# Short web captions
########
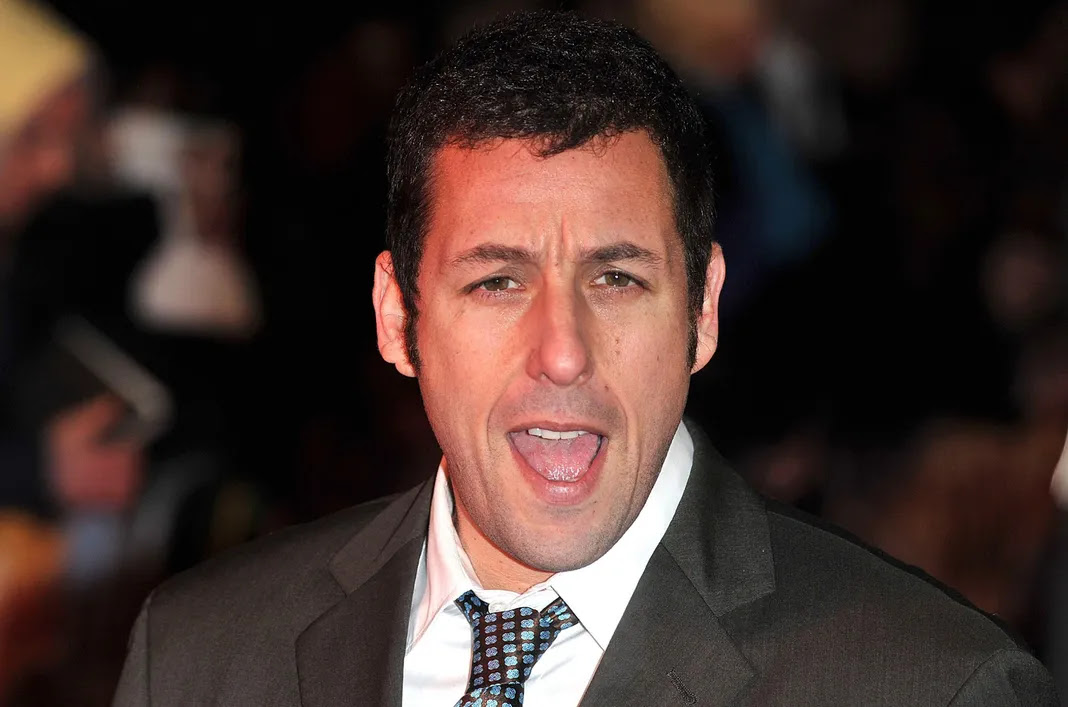 Adam Sandler Lands Another Big Netflix Film Deal
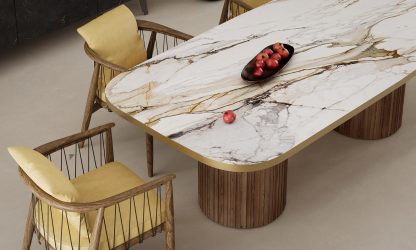 Tavolo Contorno Romano gallery image 10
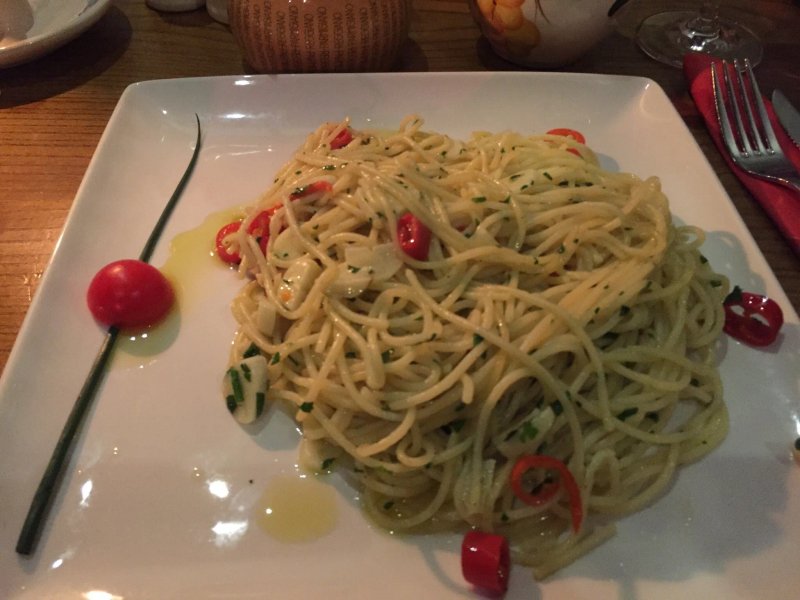 Pane e Vino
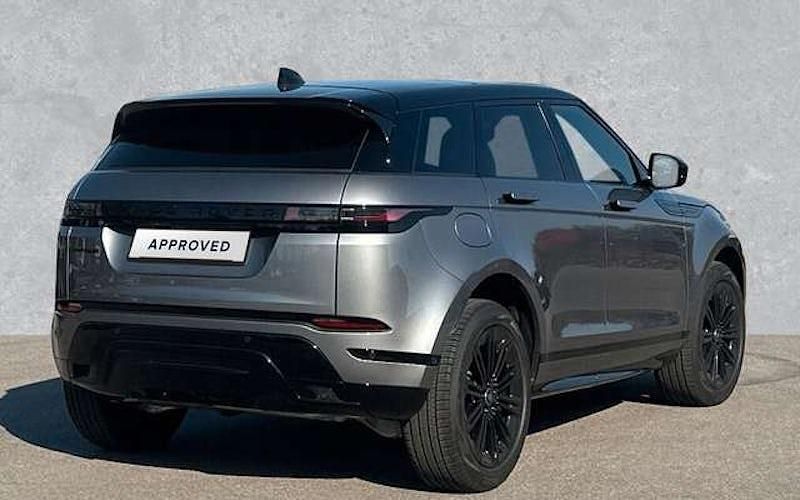 Gebraucht Land Rover Range Rover evoque SE Dynamic 204 PS (150 kW) 2025 Grau SUV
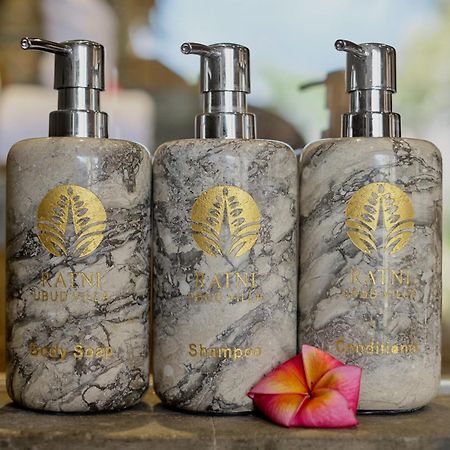 Ratni Ubud Villa Ngoại thất bức ảnh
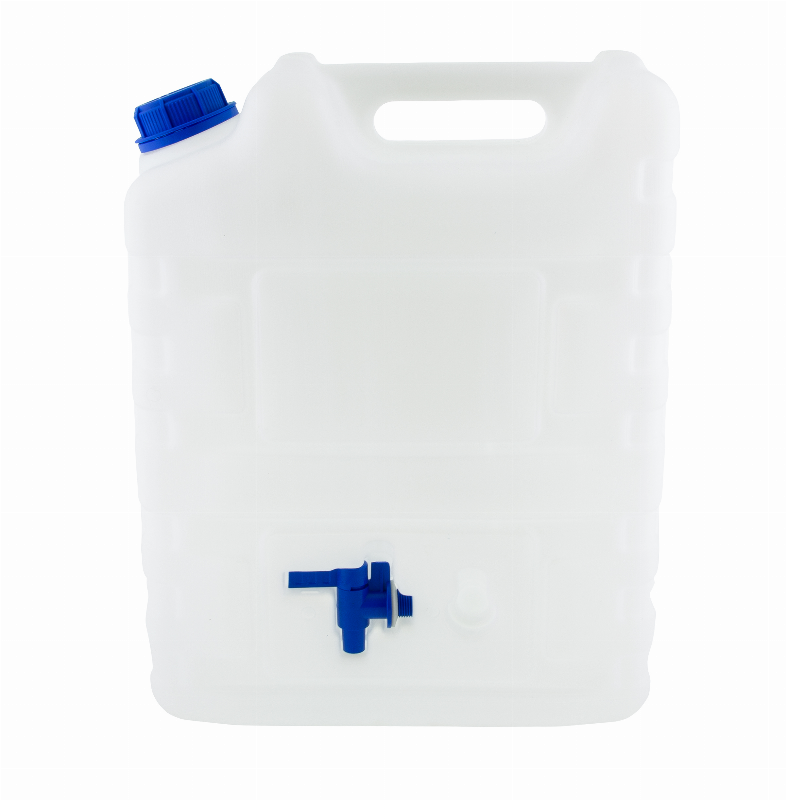WATER TANK WITH TAP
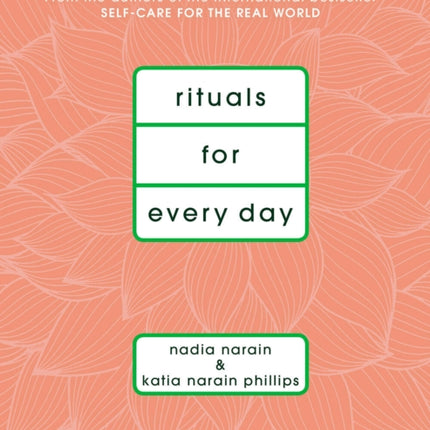 Rituals for Every Day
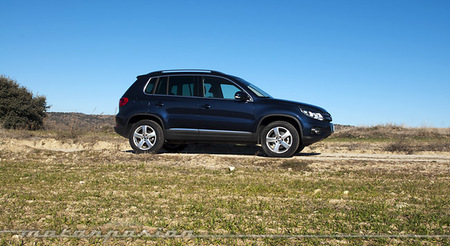 Volkswagen Tiguan Country 2.0 TDI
########
# Work required
All of the data above needs to be given again exactly. Leave out each image.

# Task solution
 Adam Sandler Lands Another Big Netflix Film Deal
 Tavolo Contorno Romano gallery image 10
 Pane e Vino
 Gebraucht Land Rover Range Rover evoque SE Dynamic 204 PS (150 kW) 2025 Grau SUV
 Ratni Ubud Villa Ngoại thất bức ảnh
WATER TANK WITH TAP
 Rituals for Every Day
 Volkswagen Tiguan Country 2.0 TDI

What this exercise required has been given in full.